§ **Problem to work on**: Could you write out exactly, and only, the lines from the one containing "Load image into" through the last line of the data, leaving out all pictures?

§ **Dataset content**:
# # # # # # #

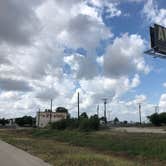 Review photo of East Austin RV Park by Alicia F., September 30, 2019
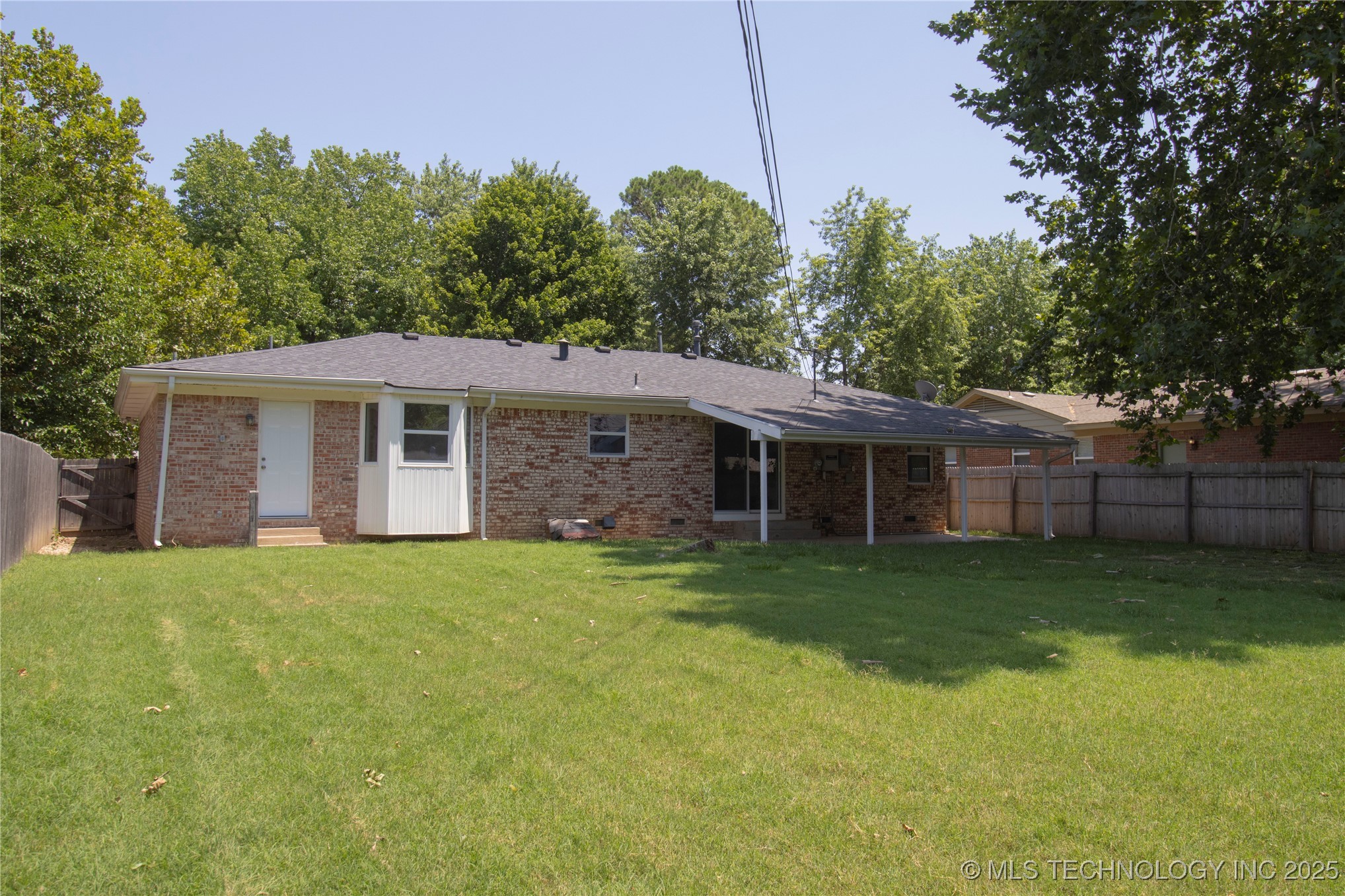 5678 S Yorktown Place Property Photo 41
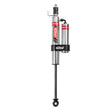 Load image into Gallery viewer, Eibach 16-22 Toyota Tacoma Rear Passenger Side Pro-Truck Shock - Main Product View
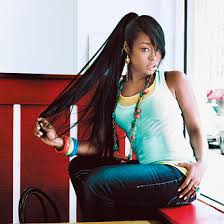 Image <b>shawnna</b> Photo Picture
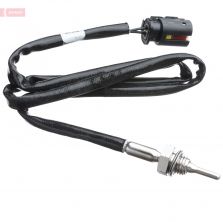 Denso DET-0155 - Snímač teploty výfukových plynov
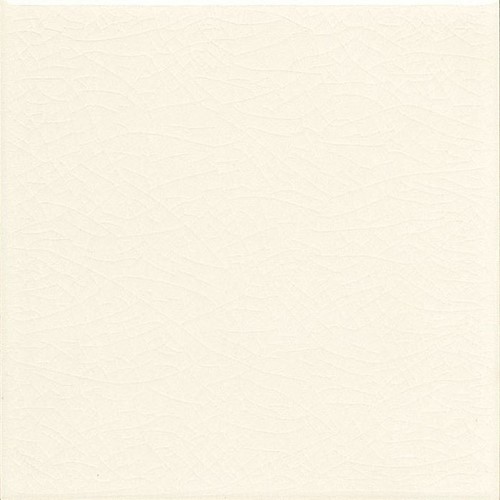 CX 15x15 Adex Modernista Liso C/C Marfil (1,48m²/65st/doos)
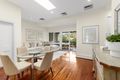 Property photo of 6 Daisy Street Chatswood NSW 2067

# # # # # # #

§ **Final answer**:
 Load image into Gallery viewer, Eibach 16-22 Toyota Tacoma Rear Passenger Side Pro-Truck Shock - Main Product View
 Image <b>shawnna</b> Photo Picture
 Denso DET-0155 - Snímač teploty výfukových plynov
 CX 15x15 Adex Modernista Liso C/C Marfil (1,48m²/65st/doos)
 Property photo of 6 Daisy Street Chatswood NSW 2067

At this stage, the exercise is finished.